* Dataset records
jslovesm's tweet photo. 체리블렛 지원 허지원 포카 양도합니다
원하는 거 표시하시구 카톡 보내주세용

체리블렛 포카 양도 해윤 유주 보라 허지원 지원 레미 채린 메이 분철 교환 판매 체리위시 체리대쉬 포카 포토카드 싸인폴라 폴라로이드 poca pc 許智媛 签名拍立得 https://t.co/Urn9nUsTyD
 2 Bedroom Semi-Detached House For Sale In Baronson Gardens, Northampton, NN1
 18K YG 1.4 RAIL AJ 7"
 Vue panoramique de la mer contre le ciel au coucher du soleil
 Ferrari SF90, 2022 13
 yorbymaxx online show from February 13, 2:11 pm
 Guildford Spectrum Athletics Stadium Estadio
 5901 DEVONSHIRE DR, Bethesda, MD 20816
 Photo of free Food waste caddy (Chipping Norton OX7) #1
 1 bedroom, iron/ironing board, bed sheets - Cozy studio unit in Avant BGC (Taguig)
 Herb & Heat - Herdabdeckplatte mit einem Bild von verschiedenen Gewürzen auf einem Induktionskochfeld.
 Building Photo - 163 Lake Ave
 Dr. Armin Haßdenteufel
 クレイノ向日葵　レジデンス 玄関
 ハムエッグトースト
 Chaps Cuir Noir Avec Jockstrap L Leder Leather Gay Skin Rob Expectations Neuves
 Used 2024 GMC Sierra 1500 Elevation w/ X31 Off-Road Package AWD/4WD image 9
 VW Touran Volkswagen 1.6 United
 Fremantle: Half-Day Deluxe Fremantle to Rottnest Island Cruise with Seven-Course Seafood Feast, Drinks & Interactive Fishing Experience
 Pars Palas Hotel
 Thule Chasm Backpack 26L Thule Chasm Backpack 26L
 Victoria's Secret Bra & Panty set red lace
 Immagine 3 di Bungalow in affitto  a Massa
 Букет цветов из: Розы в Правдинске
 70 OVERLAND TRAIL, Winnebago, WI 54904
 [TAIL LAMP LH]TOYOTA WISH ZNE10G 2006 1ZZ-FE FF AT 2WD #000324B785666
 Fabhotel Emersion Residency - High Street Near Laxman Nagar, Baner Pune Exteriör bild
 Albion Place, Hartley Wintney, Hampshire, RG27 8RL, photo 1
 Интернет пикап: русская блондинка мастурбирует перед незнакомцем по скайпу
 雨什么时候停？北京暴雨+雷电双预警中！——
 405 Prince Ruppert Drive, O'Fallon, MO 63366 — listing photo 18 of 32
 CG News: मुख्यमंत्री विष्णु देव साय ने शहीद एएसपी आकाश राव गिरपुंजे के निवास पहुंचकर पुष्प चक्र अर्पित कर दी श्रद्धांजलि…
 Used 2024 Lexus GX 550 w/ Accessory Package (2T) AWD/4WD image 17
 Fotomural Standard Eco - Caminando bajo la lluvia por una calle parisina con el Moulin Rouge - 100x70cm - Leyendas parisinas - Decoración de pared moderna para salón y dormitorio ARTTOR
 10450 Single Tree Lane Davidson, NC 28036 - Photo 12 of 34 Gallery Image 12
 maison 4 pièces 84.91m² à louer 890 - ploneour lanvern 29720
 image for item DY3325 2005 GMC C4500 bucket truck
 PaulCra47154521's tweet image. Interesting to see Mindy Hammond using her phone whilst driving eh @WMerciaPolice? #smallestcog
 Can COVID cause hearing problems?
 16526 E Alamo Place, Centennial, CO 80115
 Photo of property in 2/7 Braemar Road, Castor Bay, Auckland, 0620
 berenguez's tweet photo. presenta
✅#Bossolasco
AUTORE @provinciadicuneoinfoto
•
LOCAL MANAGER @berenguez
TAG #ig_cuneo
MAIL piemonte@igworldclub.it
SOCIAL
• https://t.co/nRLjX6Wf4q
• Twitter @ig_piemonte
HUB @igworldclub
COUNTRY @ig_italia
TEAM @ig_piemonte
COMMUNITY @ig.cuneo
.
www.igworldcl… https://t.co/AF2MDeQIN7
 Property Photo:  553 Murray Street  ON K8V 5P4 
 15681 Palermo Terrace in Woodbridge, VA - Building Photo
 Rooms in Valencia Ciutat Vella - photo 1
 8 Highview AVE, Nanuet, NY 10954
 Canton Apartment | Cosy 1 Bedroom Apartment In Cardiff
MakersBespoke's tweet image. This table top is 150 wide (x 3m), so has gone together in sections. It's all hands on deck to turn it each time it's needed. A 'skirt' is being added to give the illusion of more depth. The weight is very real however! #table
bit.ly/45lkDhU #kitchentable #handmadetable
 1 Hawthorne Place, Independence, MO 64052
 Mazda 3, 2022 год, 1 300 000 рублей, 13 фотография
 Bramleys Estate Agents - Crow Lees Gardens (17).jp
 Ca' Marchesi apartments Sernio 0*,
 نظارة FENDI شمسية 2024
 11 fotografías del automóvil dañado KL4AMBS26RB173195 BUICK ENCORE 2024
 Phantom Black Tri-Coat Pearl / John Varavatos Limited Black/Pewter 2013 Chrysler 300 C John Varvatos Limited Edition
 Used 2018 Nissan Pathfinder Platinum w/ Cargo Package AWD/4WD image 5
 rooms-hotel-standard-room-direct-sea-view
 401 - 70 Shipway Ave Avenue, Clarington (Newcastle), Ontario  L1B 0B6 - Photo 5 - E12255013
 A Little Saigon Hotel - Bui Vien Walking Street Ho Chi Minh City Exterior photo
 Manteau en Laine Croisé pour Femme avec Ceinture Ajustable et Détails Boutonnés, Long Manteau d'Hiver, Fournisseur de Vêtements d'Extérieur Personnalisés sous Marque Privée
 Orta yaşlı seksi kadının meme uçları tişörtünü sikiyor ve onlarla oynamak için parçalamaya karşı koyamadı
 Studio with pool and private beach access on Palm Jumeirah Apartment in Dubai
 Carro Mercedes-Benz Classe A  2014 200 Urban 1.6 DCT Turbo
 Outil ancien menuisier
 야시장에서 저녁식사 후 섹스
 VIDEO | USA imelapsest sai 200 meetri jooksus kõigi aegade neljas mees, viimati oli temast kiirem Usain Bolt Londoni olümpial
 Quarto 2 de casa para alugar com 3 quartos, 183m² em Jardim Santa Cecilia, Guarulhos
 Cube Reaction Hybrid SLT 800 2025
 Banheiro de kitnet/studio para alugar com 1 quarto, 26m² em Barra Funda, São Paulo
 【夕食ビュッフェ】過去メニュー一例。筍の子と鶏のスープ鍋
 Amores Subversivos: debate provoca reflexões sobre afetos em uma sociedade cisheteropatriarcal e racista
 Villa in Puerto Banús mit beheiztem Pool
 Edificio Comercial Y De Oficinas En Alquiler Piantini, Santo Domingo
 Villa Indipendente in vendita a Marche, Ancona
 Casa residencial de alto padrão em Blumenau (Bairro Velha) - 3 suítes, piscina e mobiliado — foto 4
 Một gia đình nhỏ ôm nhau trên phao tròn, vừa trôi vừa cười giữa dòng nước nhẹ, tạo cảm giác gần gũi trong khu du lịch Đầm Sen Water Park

* Task to complete
Filter on the word "with": copy each matching line from the entries above.

* Task output
 Fremantle: Half-Day Deluxe Fremantle to Rottnest Island Cruise with Seven-Course Seafood Feast, Drinks & Interactive Fishing Experience
 Studio with pool and private beach access on Palm Jumeirah Apartment in Dubai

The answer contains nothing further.